Luego, el frío golpeó a Vhenlar, amargo, punzante, pero no con fuerza suficiente para inmovilizarlo. Al contrario, fue como una bofetada en pleno rostro y pareció sacarlo de su estupor. Supuso que el aliento de dragón se había agotado en el acto de congelar a los desafortunados exploradores, pero aun así, no pretendía quedarse a ver si el monstruo era capaz de repetir el truco.

—¡Corred! —chilló, y puso en movimiento con toda la rapidez que fue capaz de reunir sus entumecidos miembros.

La autoridad de Bunlap no fue necesaria en esta ocasión. Los hombres siguieron las órdenes de Vhenlar sin pausa ni preguntas. Mientras avanzaban a la carrera por la fronda, sus zancadas hacían crujir el hielo bajo sus pies y en el aire flotaba un suave y mortífero aroma a menta.

10

Desde la empalizada de su fortaleza, Bunlap disfrutaba de una vista estupenda sobre Tethyr y su variopinto paisaje. Por el este, despuntaban los encumbrados picos de las montañas Espiral de las Estrellas, que incluso a principios de verano se veían cubiertos de nieve. Por el oeste, se desplegaban ondulantes colinas y justo por el norte, la súbita y densa línea de árboles que bordeaba el extremo meridional del bosque de Tethir.

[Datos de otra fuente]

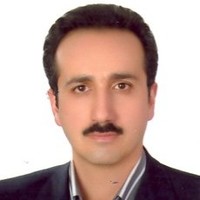 Majid Valizadeh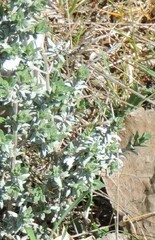 Thymus mastichina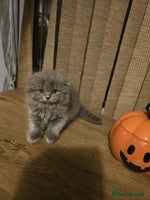 British Shorthair cats - Advert 9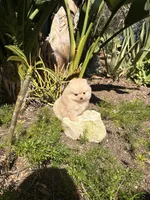 Daisy bear , a female Pomeranian for sale in Los Angeles, CA – Photo 3 of 4
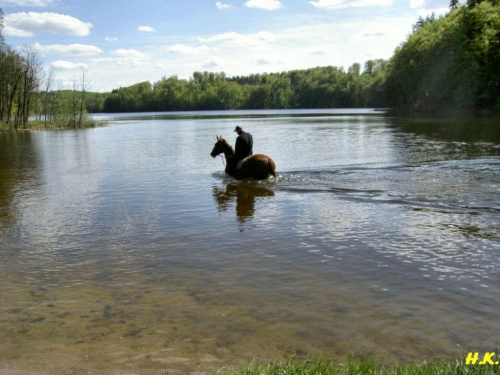 jez.Otomino #jezioro #koń #przyroda #woda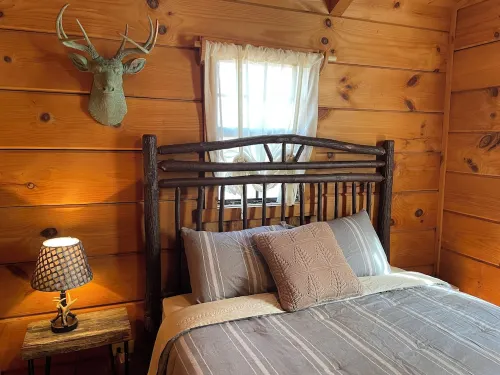 Cozy cabin in the woods! Pets welcome!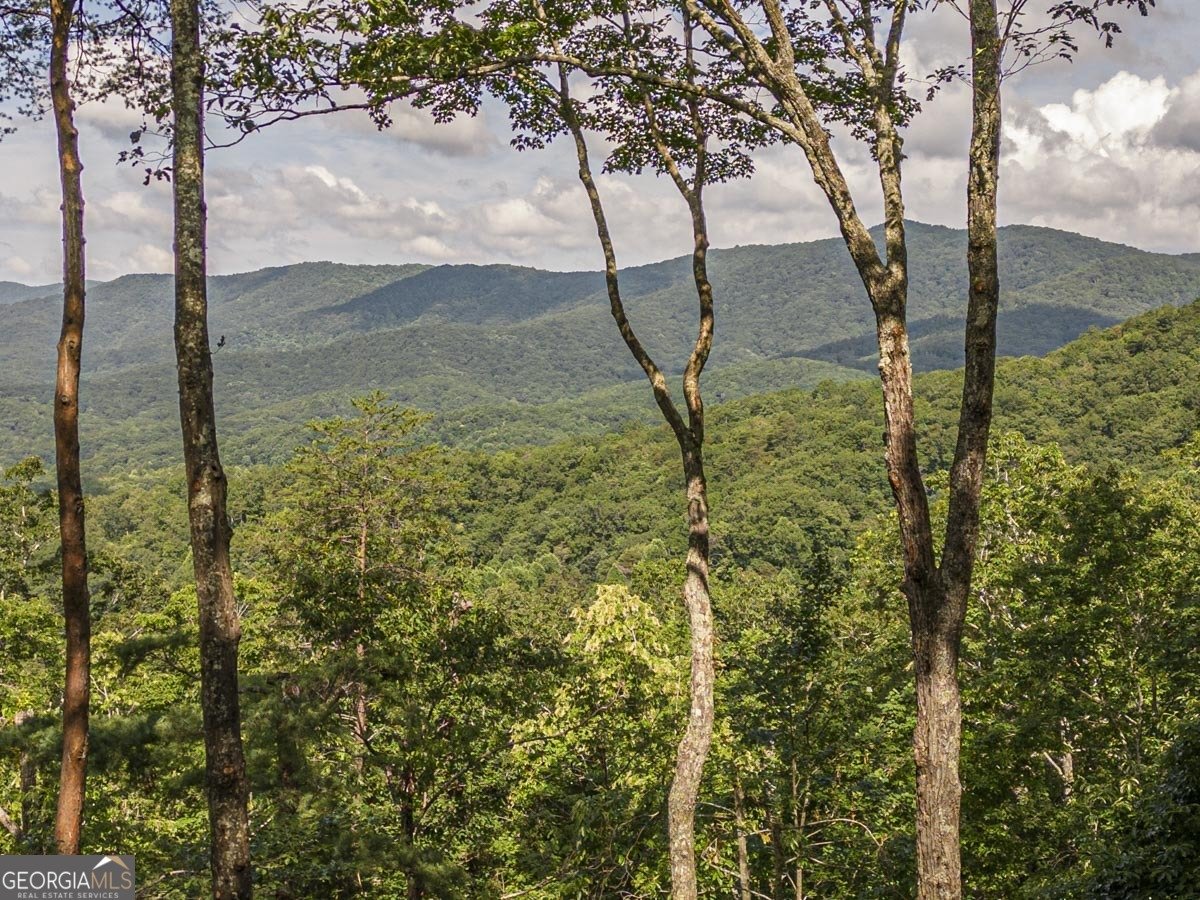 160 Arrowhead Pass Blue Ridge - 10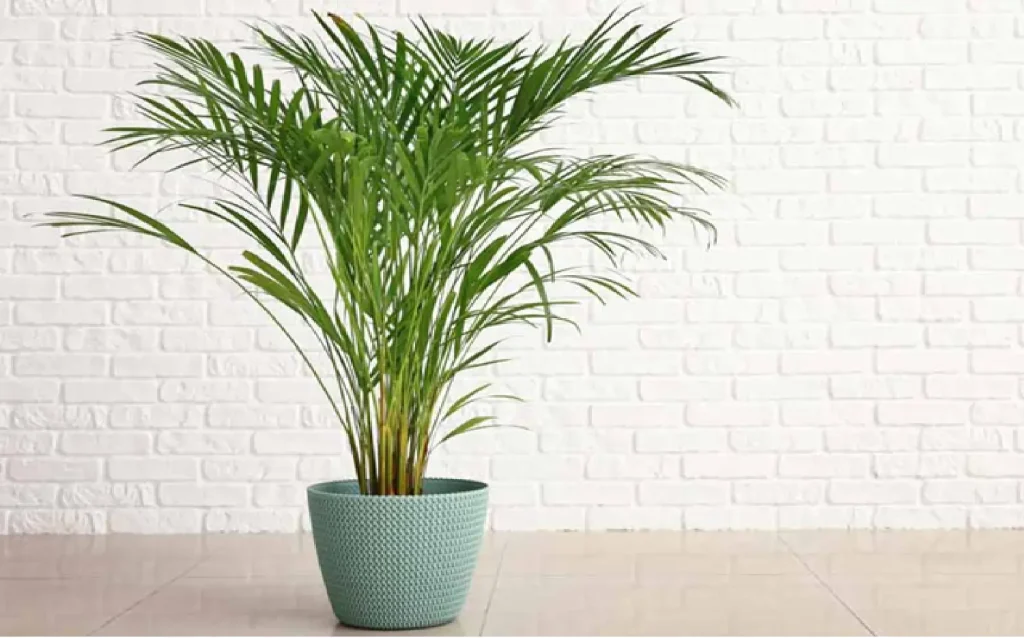 Areca Palm Plant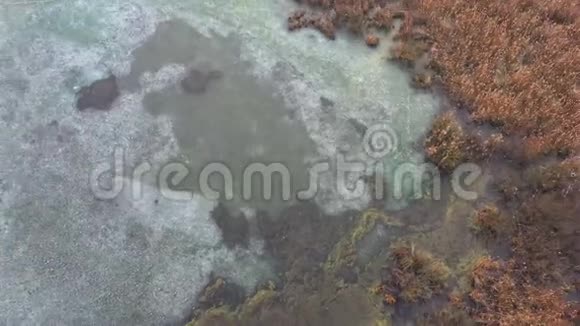 枯黄的芦苇岸边一片冰封的湖面秋天的景色无人机的视野视频的预览图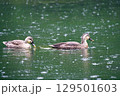 雨中のカモ 129501603
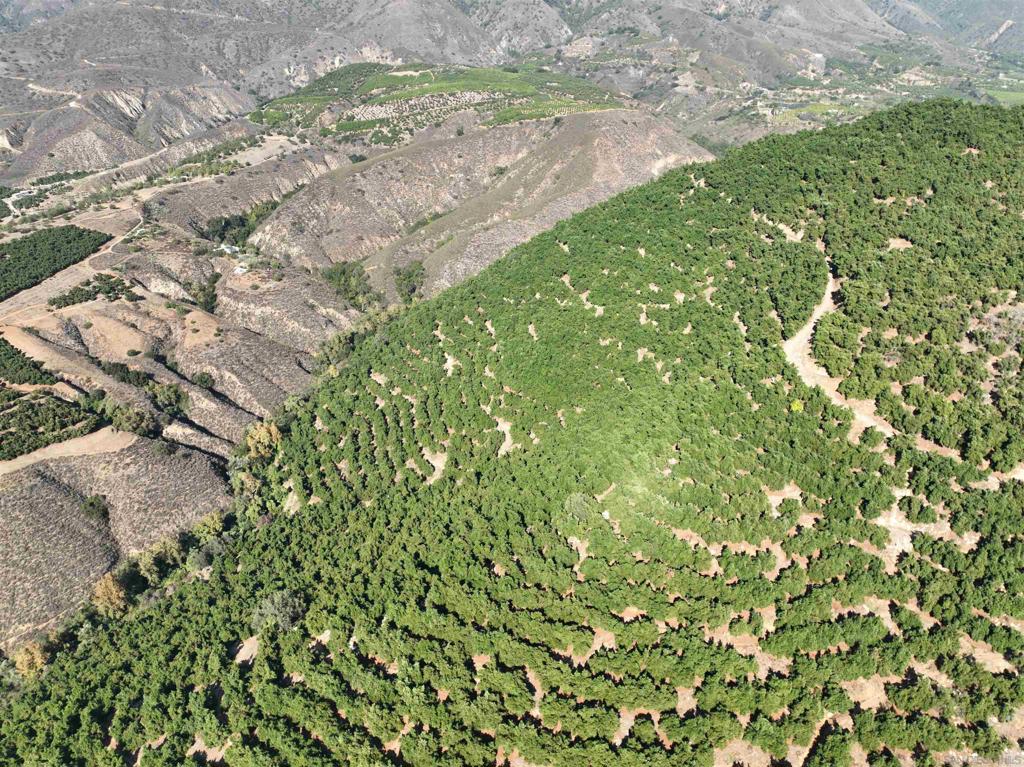 32375 Sams Mountain Road Pauma Valley, CA 92061 - Photo 4 of 10 a view of a yard with a tree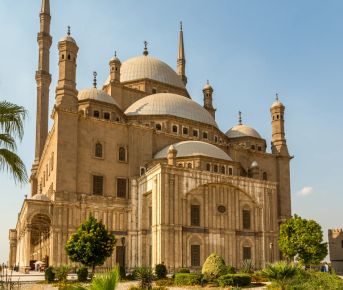 Крепость Саладина и мумии фараонов (от 1 до 5 человек)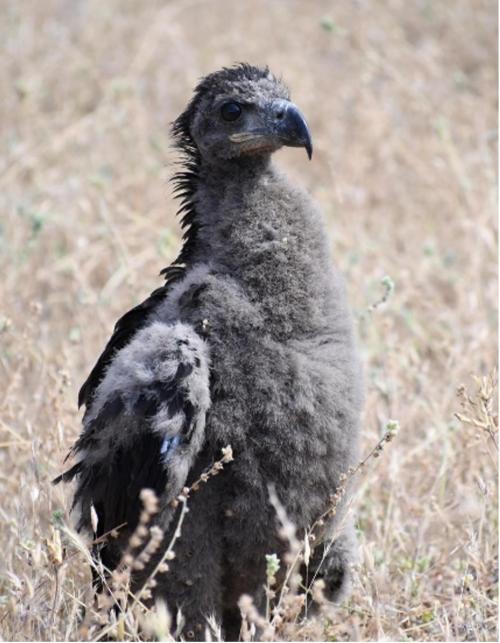 eaglet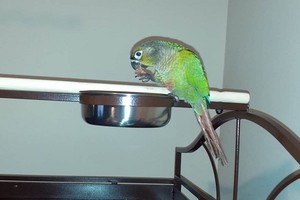 Vẹt Louie chết trong đám cháy. Ảnh: Independent.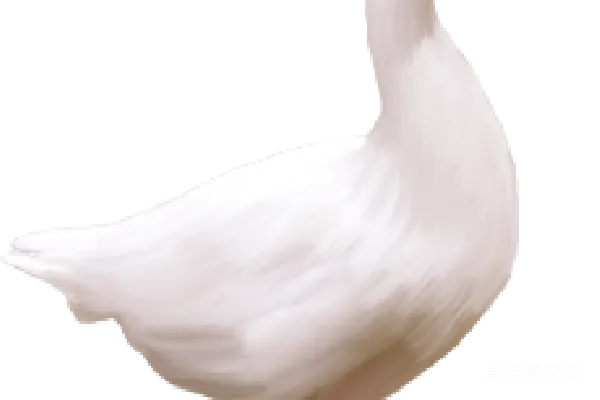 元素素材 白色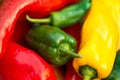 Summer harvest. Freshly picked, red, green and yellow sweet peppers, laying in grass in garden Royalty Free Stock Photo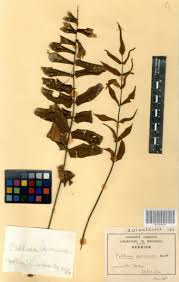 Image result for Pellaea doniana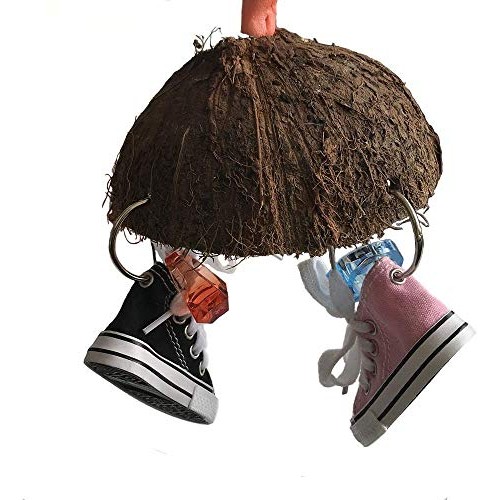Bird Training Toys Coco Shell with Mini Sneaker Ring Chew Toy, Pa...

Una repentina ráfaga de aire le sacudió el cabello negro y arremolinó la capa que llevaba. Bunlap se agarró los faldones que flotaban y se enrolló la tela alrededor del cuerpo; luego cruzó los brazos para mantener la capa sujeta. Las mañanas eran frías, incluso en esa época del año, porque los vientos soplaban por el oeste directamente desde la Espiral de las Estrellas, al igual que las frías aguas que discurrían por el río que había a sus pies... La mayoría lo llamaba el ramal norte, pero a Bunlap le gustaba pensar en él como en «su» río.

Situado como estaba en un risco desde el que se dominaba la llanura donde convergían en una sola corriente una docena o más de riachuelos, podía exigir un arancel de todos aquellos granjeros y tramperos que navegaban por los afluentes para llevar sus mercancías hasta el río Sulduskoon y, de allí, hasta Espolón de Zazes.

A Bunlap le divertía que sus exigencias nunca fueran discutidas. La gente de Tethyr estaba más que acostumbrada a pagar aranceles y tributos y cuantiosos sobornos continuamente, porque los nobles insignificantes crecían como conejos por aquellas tierras. Ni un solo viajante discutía el derecho de Bunlap de hacerles pagar por la carga porque el hombre mantenía aquella fortaleza y un ejército de mercenarios, y eso, a los ojos de los tethyrianos, le confería nobleza.

—Barón Bunlap —dijo en voz alta, y una maliciosa sonrisa le curvó los labios al pensar en la ironía de todo el asunto. No existía hombre en el mundo cuyo nacimiento fuera más bajo que el suyo, pero ¿qué importancia tenía eso en Tethyr? En los años sucesivos a su partida del Fuerte Tenebroso, el antiguo soldado zhentarim había amasado más tierra, riqueza y poder del que poseían la mayoría de los nobles cormytos. ¡Por la sangre de Bane, cómo adoraba aquel país!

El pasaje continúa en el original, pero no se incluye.